How reliable is RPZ in production? I'm seeing flakiness in testing.

Tue Jan 6 23:43:13 UTC 2015

Hi Anne,

We've been using RPZ in production for over six months, and haven't
had any serious issues.  We haven't encountered this specific type of
flakiness, but then again, it's likely our configs and bind versions
aren't the same either: we do our quarantining at layer 2.

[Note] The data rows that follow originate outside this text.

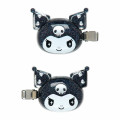 Japan Sanrio Original Hair Bangs Clip 2pcs Set - Kuromi's Special Key 20th Anniversary - 2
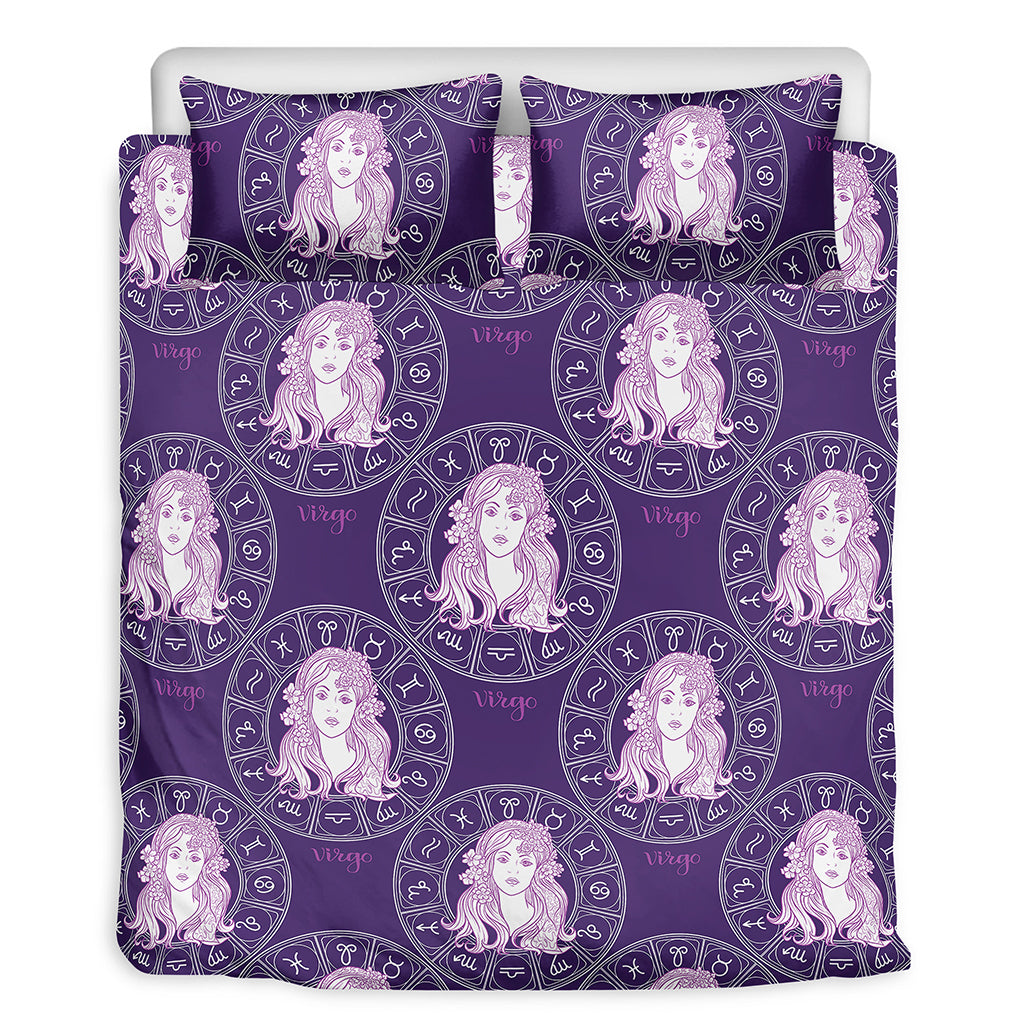 Purple Virgo Zodiac Pattern Print Duvet Cover Bedding Set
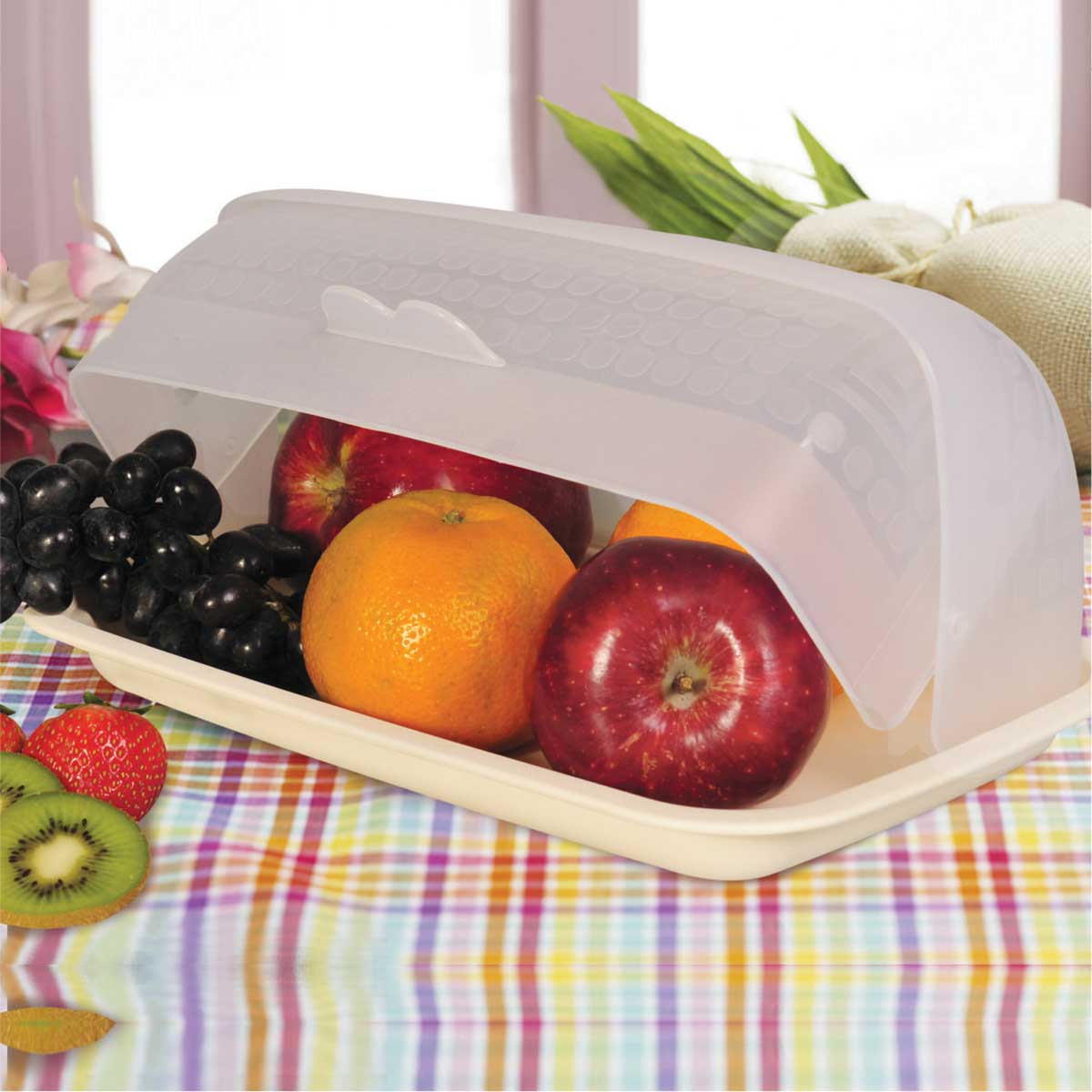 Bread Box / Bread Server | Dual Use Bread Holder/ Plastic Fruit Storage Container - 2 in 1 Bread Bin- Loaf Cake Keeper/Baked Goods -Keeps Bread Fresh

You might start things out by giving us your bind version and your
response-policy {} config.  Also print out the exact rules (one or two
examples should suffice) you're using for client quarantining --
that'll help narrow things down.  Also, how are you publishing to your
client quarantine zones?  Presumably you're using some sort of DDNS
publishing that gets triggered when a client does something
suspicious.

John
-- 
John Miller
Systems Engineer
Brandeis University
johnmill at brandeis.edu

On Tue, Jan 6, 2015 at 5:52 PM, Anne Bennett <anne at encs.concordia.ca> wrote:
> I'm playing with RPZ with a view to both quarantining internal
> compromised or vulnerable hosts, and capturing attempts at
> communication with known external bad hosts.  I start with a
> fairly extensive whitelist, to avoid "lying" about any of my own
> hosts, and to give truthful answers for patch sites, so that my
> users can patch their systems even when otherwise quarantined.
>
> The masters for my RPZs do not themselves use the zones
> for policy (nor do they recurse on queries).  However the
> nameservers that do recursive resolution for my network are
> slaves for those RPZs, and *do* use them for policy.
>
> My set-up works, but sporadically - it's as though the RPZs wink
> in and out of use for no apparent reason, even when I'm not
> changing the data.  At one point while testing last December,
> my by-client-IP test quarantine rule just stopped matching
> (based on no logged hits, and no redirection of my queries
> from the quarantined host).  Only a restart of named on the
> resolver brought the quarantine back, but then the whitelist
> worked only partially.
>
> I don't know what to make of this; it looks as though the
> technology is several years old, and my experience with ISC
> bind is usually excellent.  Has anyone else encountered this
> type of flakiness?
>
> If not, any advice about how to debug this?